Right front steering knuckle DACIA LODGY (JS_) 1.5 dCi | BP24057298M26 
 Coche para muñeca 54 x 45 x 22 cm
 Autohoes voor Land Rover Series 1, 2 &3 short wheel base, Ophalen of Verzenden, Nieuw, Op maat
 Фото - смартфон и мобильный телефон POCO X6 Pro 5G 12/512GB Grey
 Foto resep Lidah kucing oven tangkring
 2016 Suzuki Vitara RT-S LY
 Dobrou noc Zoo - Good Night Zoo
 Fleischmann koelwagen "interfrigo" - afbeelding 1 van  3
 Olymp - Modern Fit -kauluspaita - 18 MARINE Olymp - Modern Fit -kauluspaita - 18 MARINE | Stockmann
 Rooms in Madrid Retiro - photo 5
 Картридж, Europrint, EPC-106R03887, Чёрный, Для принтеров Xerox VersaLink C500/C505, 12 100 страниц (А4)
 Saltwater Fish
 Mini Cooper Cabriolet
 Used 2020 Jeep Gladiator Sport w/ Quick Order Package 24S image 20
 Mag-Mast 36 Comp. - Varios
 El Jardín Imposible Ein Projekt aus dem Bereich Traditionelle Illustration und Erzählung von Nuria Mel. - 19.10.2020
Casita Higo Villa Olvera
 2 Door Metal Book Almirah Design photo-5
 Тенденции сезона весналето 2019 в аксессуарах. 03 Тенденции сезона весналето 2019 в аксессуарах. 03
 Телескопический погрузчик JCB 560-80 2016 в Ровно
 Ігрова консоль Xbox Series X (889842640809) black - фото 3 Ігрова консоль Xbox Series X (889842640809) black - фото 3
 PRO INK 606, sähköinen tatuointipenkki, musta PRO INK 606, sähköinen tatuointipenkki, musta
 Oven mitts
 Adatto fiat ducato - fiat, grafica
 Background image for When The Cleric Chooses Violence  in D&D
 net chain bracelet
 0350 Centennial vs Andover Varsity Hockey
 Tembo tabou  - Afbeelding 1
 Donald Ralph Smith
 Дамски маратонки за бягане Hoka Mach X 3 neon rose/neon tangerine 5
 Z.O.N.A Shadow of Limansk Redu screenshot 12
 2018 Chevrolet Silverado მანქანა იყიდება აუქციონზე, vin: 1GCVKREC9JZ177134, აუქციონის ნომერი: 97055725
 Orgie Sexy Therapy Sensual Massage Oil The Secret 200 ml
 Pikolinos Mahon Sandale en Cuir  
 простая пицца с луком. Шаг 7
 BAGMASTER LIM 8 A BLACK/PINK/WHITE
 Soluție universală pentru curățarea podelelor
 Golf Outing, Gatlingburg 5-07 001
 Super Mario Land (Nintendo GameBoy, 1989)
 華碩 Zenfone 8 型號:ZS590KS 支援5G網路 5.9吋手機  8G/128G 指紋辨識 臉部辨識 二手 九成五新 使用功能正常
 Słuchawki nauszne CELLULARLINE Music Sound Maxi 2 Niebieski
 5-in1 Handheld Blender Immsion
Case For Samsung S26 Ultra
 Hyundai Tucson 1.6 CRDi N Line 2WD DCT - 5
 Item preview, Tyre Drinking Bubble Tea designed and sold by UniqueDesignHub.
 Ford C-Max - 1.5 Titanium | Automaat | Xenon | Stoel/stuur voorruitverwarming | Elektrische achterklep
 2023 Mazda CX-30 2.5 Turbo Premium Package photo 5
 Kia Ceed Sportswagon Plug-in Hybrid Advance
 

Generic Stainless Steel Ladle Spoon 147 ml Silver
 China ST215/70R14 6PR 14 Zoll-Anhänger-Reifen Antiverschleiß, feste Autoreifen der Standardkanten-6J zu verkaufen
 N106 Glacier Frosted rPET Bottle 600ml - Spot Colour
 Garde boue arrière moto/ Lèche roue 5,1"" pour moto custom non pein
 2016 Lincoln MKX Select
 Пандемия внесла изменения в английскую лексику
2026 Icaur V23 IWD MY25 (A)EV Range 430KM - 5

━━━━━━━━━━━━━━━━━━━━━━━━━━━━━━

▶ ASSIGNED TASK: Go through the entries above and report every line in which the word "photo" appears.

▶ TASK ANSWER:
 Rooms in Madrid Retiro - photo 5
 2 Door Metal Book Almirah Design photo-5
 2023 Mazda CX-30 2.5 Turbo Premium Package photo 5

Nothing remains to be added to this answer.